Artinya, ia tidak sekedar gejala keterbatasan lapangan kerja, pendapatan,
pendidikan dan kesehatan masyarakat. Ia sudah menjadi realitas system/struktur
dan tata nilai kemasyarakatan. Ia merupakan suatu realitas budaya yang antara
lain berbentuk sikap menyerah kepada keadaan.
Namun
demikian bukan berarti sejak semula mereka tidak mempunyai faktor-faktor
kultural yang dinamis. Mereka terbelakang dan miskin karena
kesempatan-kesempatan tidak diberikan kepada mereka. Atau mereka miskin oleh
karena kesempatan-kesempatan telah dihancurkan dari mereka.
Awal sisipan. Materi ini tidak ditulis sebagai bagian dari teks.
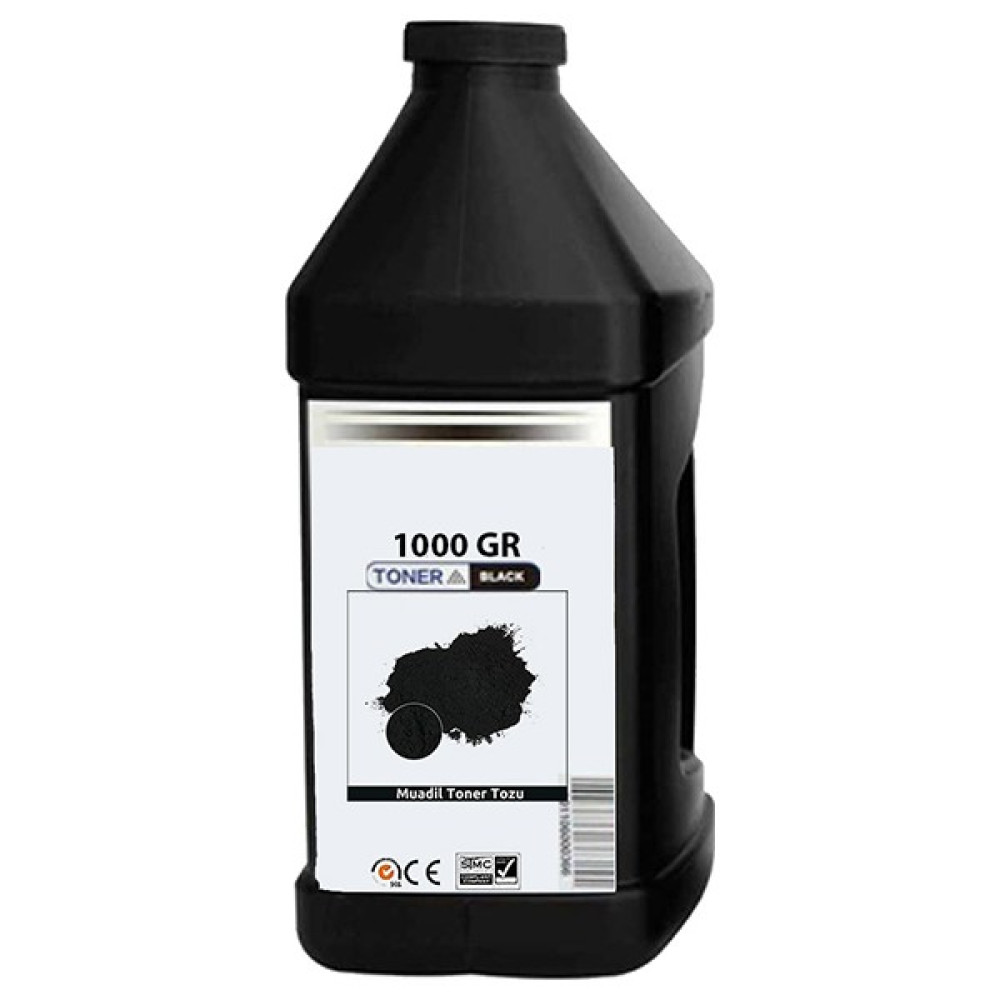 İnkwell Brother Uyumlu TN-1040 Toner Tozu 1 kg-DCP-1510 - HL-1110 - MFC-1810 - Siyah Kartuş Dolum Ürünleri Fiyatı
Sehingga akhirnya
dalam waktu yang lama menjadi melembaga dalam budaya kehidupan masyarakat (culture of poverty) bahwa mereka dari
dulu hingga sekarang bersikap tergantung, cenderung pasra terhadap nasib.
v
Solusi
Pengentasan Kemiskinan
Melihat
akar persoalan di atas nampaknya untuk mengentas kemiskinan di masyarakat kita
agak cukup sulit. Hal ini karena kemiskinan di negeri ini sudah menjadi budaya
permanen yang mengakar kuat hingga membentuk sistem yang terstruktur dalam
masyarakat luas. Namun demikian bukan berarti harus dibiarkan terus menerus.
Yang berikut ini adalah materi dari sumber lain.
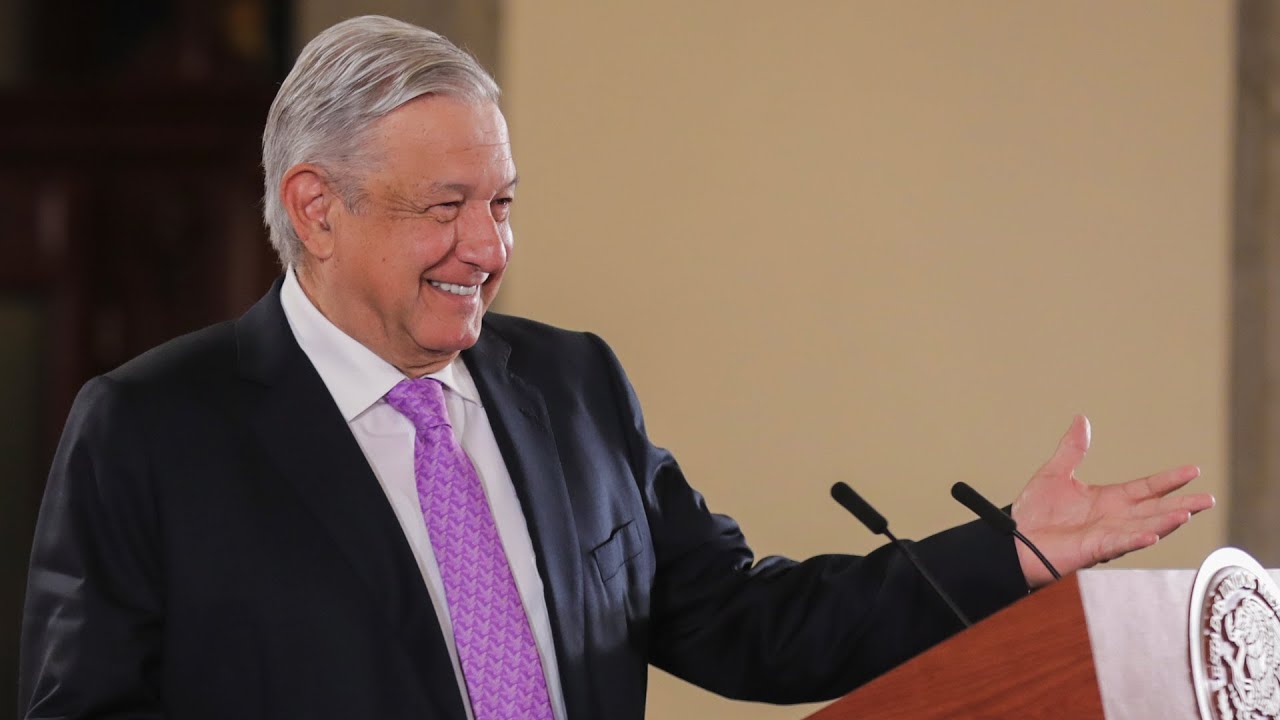 Mañanera de AMLO del 24 de diciembre de 2019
Dalam kaitan usaha ini, perlu ada kesungguh baik dari pihak penguasa,
masyarakat serta individu yang terjatuh dalam kemiskinan.
Usaha
yang sangat mendasar dan krusial yang segera direalisasikan adalah dengan
memperhatikan kualitas pendidikan di negeri ini dalam segala aspeknya.
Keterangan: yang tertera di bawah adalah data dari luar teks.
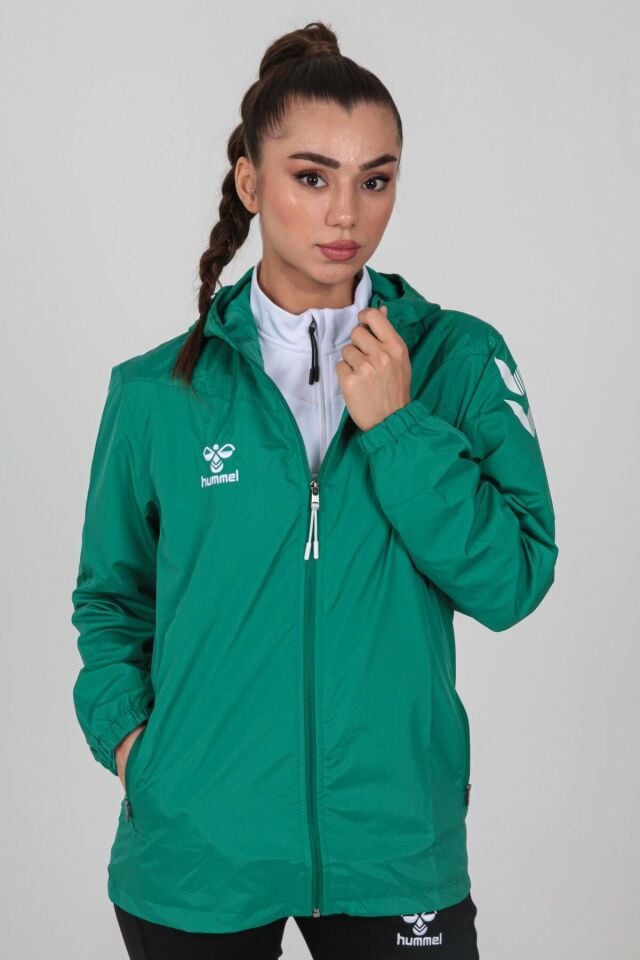 Oregon Yağmurluk Yeşil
Nampaknya melalui pendidikan yang baik dan bermutu sudah dapat diharapkan akan
mampu mendongkrak kemiskinan yang ada. Pendidikan itu meliputi pendidikan multi
dimensi yang disesuaikan dengan potensi dan kebutuhan masyarakat miskin itu
sendiri. Baik itu menyangkut pengembangan skills,
serta pendidikan multikultural. Pendidikan itu juga harus mengedepankan etika
dan hati nurani yang dalam.
Selain
dari pada itu perlu terus pula di tumbuh kembangkan iklim dan model ekonomi
yang beretika dan berhati nurani dalam masyarakat negeri ini yang ada. Sehingga ketimpangan
dalam masyarakat bisa dieliminasi, bukan sebaliknya yang bermodal semakin
menjadi kaya dan yang miskin semakin tercekik dengan kemiskinannya.
Saya
kira dengan modal pendidikan yang berkualitas yang didukung kepedulian elemen
masyarakat yang bermodal serta kepercayaan dan kesempatan mengembangkan diri pada
si miskin maka kemiskinan akan terkatrol dari masyarakat kita. Bukan sebaliknya
mereka malah dieksploitasi, diintimidasi, digusur dan dilibas begitu saja tanpa
ada solusinya, di saat mereka lagi memulai upaya mengembangkan potensi dirinya.